SWORD FOR HIRE
10 Words Don’t Do It Justice
My Take on Medium Zenoscopic Fiction

Carlo Zeno is arguably at the zenith of Medium writers. I know that statement sounds kinda funny and kissy assy, but it’s truey. You see, Carlo is the first one to have the true sight necessary to recognize yours truly as a serious writer who takes everything seriously. It’s been a while since I’ve been recognized for those qualities.
Many people think that I’m a joke and that simply isn’t true.
My journey into serious writing began in 2005. I had just invented Cut, Copy, and Paste.
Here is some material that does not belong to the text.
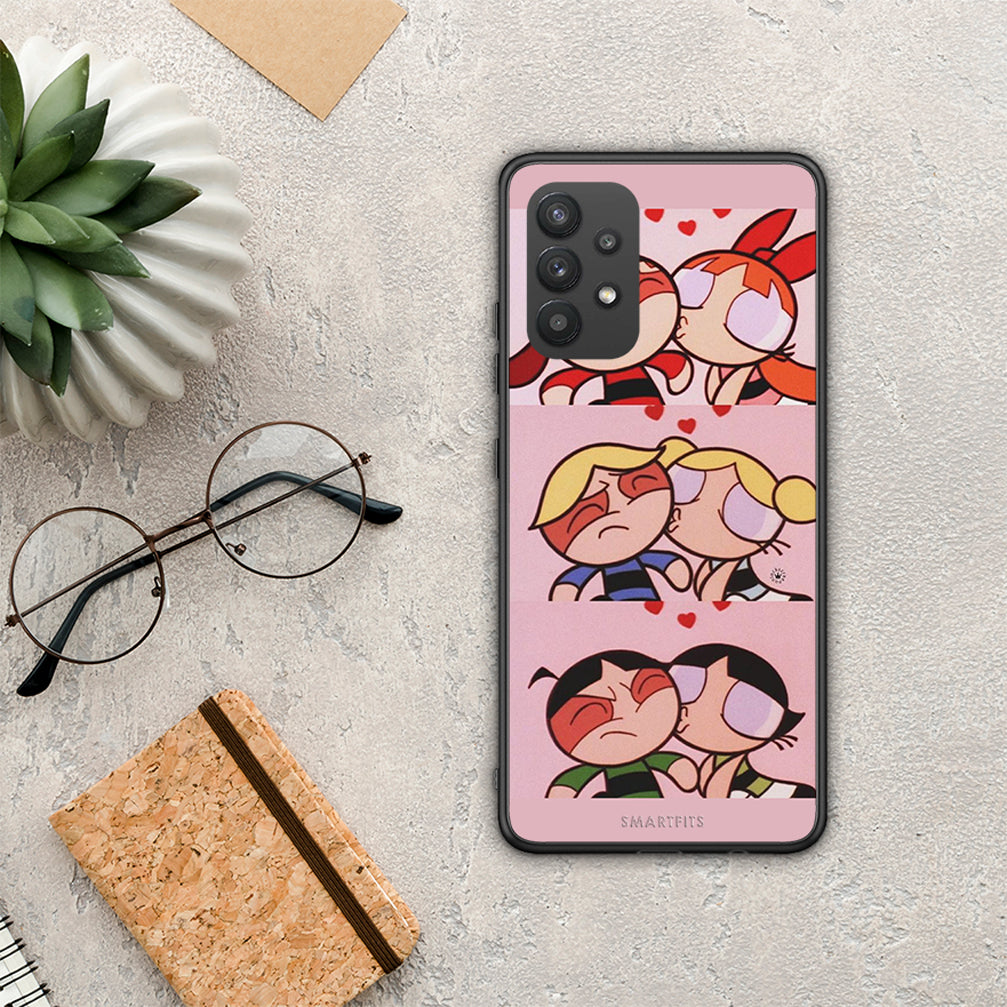 Puff Love - Samsung Galaxy A32 4G case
Unfortunately, I wasn’t aware Xerox PARC had beaten me to the punch by more than 30 years.
I was devastated and have been broke ever since. Mostly because I refused to get a “real” job.
The discovery that my idea had been stolen dashed my dreams of being an ultra wealthy technologist who sold weapons of mass destruction to anyone and everyone while carelessly jet-setting to island paradises such as Ramree Island in Myanmar.
I further fantasized about training the Ramree saltwater crocodiles to intimidate my enemies. I envisioned myself as a sort of Tony Snark, but with a better mustache. “Release the alligators!” I would sometimes yell to no one in particular. I got especially weird looks at the zoo.
With my technology dreams dashed, I decided I would become a “blogular”, which is an early written form of what we now know to be a “blogger”. The name change was absolutely unnecessary, similar to the change from emoticon to emoji. I’m still devastated at this loss of culture.
I blogged about politics and news and was fairly successful writing under the nom de plume, Patrice Side. I never cared for my father. He was a Xerox PARC employee for decades and never told me they had already figured out Cut, Copy, and Paste.
In 2015, I broke news about KONY 2012 and Ugandan warlord Joseph Kony. Instead of 30 years late, I was only 3 years late. My readership tanked, and I became the laughingstock of the internet. I’ve been broke and roundly mocked ever since.
Carlo has invited me to write about something I know very well and offered a redemptive path. The quest is to spin a yarn as to what it is like to try to earn money on Medium in 10 words.

As a reward, he has promised as many as 10 cents of “Fuck You” money. As I’ve demonstrated, I’m smart and scrappy. Sometimes succinct. I just get to things a little late.

So anyway, here I am. Keeping it short.